Applications have quickly become complex webs of interconnected microservices. Failures in the API calls between microservices grow more common and far more dastardly – wreaking havoc throughout applications in unforeseen ways. Accidents and errors can happen even with the most brilliant engineers and most controlled environments in the world. Unfortunately, this means that outright elimination of API call failures is not an option. Instead, we have to prepare our applications for failure, and this is where event-driven architecture comes into play.
If you’ve worked with or researched microservices in the last decade, chances are you’ve heard of and probably implemented event-driven architecture. The pattern has become extraordinarily popular amongst cloud-native and distributed teams in recent years as it solves some very real problems with fault tolerance, availability, and coupling of microservices. Instead of communicating directly with one another through API calls, services publish and subscribe to events. In doing so, both the publisher and subscriber can exist and perform their work regardless of the other’s availability, thus achieving the fault tolerance needed for the application to support a growing number of users.
This all sounds like a nice silver bullet on the surface, but what even is an event, and do you leverage event-driven design in an application? In this article, I’ll discuss the different uses of events, the various technologies and practices that can broker events, and the risks involved with event-driven architecture. I’ll even debunk a few myths about event-driven design to boot!
Events are used to communicate with other applications and services – it’s that simple. There’s a lot of thought that can go into which events you publish, who subscribes to them, and what contents go inside the event, but none of that matters when it comes to describing what an event is and what it can be used for. What matters is whether or not your event needs a response. Is your event just miscellaneous information that you’re making available for other applications to do whatever they want with, or are you using your event to request additional information from a peer app or service?
For those of you who still watch live TV, you’re probably aware of the fact that others can tune into and out of the same channel as you at the same time, and they’ll see the same content you do. In fact, the content doesn’t change, no matter how many people tune in or out of the channel. Whether a hundred or a million people are watching, your favorite sportscaster is still going to be saying the same thing to everyone who tunes in.
Broadcast application events work the same way as broadcast media – the event gets published by a single entity but can be received by unlimited subscribers. Since the publisher isn’t expecting any kind of response from subscribers, they can continue their broadcast regardless of the number of viewers on the other end.
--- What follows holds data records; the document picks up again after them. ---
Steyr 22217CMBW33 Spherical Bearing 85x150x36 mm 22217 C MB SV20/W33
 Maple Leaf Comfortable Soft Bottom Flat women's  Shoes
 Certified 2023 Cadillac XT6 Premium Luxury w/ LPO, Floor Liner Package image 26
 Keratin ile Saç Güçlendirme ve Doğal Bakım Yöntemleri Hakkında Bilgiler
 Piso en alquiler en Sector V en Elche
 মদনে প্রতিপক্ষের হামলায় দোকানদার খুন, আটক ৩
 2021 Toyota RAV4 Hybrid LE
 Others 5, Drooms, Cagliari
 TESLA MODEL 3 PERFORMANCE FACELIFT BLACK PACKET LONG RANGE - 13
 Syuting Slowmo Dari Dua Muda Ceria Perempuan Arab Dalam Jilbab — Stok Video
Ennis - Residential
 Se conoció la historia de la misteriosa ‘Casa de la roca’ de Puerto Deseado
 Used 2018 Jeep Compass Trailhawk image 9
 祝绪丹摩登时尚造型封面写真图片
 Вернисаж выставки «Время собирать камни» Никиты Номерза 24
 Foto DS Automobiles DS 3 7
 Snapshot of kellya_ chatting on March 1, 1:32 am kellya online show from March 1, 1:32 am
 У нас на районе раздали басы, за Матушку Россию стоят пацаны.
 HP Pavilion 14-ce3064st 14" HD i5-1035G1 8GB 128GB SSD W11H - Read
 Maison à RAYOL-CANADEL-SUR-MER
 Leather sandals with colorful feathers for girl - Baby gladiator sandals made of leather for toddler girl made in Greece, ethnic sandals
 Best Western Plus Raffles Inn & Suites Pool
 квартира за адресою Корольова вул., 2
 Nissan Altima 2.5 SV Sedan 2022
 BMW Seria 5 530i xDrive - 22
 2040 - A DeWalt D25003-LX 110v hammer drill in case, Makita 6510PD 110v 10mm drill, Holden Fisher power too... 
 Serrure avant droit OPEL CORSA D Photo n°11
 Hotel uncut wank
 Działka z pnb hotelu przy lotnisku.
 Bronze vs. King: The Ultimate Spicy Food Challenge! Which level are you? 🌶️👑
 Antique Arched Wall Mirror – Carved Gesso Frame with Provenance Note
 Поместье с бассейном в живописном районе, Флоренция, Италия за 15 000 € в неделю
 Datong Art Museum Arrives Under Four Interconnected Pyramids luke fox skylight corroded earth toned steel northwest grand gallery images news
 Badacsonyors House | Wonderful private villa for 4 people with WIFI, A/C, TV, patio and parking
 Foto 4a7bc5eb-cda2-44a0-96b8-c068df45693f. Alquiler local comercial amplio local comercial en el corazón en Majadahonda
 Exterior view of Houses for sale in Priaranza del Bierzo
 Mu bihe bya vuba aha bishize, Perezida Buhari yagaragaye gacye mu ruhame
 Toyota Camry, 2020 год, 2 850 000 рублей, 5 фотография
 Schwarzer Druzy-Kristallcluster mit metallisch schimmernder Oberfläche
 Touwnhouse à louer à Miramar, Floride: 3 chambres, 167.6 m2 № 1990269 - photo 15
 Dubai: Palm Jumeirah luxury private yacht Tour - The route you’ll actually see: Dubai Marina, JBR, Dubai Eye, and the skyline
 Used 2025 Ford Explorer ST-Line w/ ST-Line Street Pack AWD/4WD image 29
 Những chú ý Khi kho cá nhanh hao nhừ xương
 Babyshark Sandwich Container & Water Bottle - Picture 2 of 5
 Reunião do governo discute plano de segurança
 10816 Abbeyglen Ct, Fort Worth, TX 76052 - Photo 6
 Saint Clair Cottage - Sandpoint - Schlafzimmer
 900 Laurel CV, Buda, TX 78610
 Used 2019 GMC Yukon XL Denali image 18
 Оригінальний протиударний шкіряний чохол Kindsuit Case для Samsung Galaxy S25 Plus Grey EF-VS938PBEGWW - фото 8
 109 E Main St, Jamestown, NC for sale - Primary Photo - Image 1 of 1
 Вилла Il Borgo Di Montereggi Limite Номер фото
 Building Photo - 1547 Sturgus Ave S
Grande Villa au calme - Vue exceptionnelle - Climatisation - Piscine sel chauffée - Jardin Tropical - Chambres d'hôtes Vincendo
Broadcast events play a critical role in distributed applications, especially for core services like identity management and payments services. These services use events to communicate with the rest of the application whenever actions are taken, or important state changes are made. A reporting service may want to forecast new financial projections whenever payments are processed, or a shipping service may wish to change delivery targets whenever a user updates their primary residence. The identity and payments services don’t care what others do with the information, but they know that other services may want to tune in for updates to act on critical information for themselves.
Broadcast events are great when we don’t care who the subscribers are or what they intend to do with the event information, but they don’t help us make regular API calls more fault-tolerant, as described earlier. Many direct API calls not only know which service it is being made to, but the response from the service they are connecting to is of great importance. Maybe we need to check the identity service to make sure the user has 2FA enabled before they can wire money, or maybe we need to query the product catalog for the latest prices before adding an item to the shopping cart. These are pervasive and intuitive thoughts and workflows for developers and applications, but how would a developer go about instrumenting this flow using event-driven architecture?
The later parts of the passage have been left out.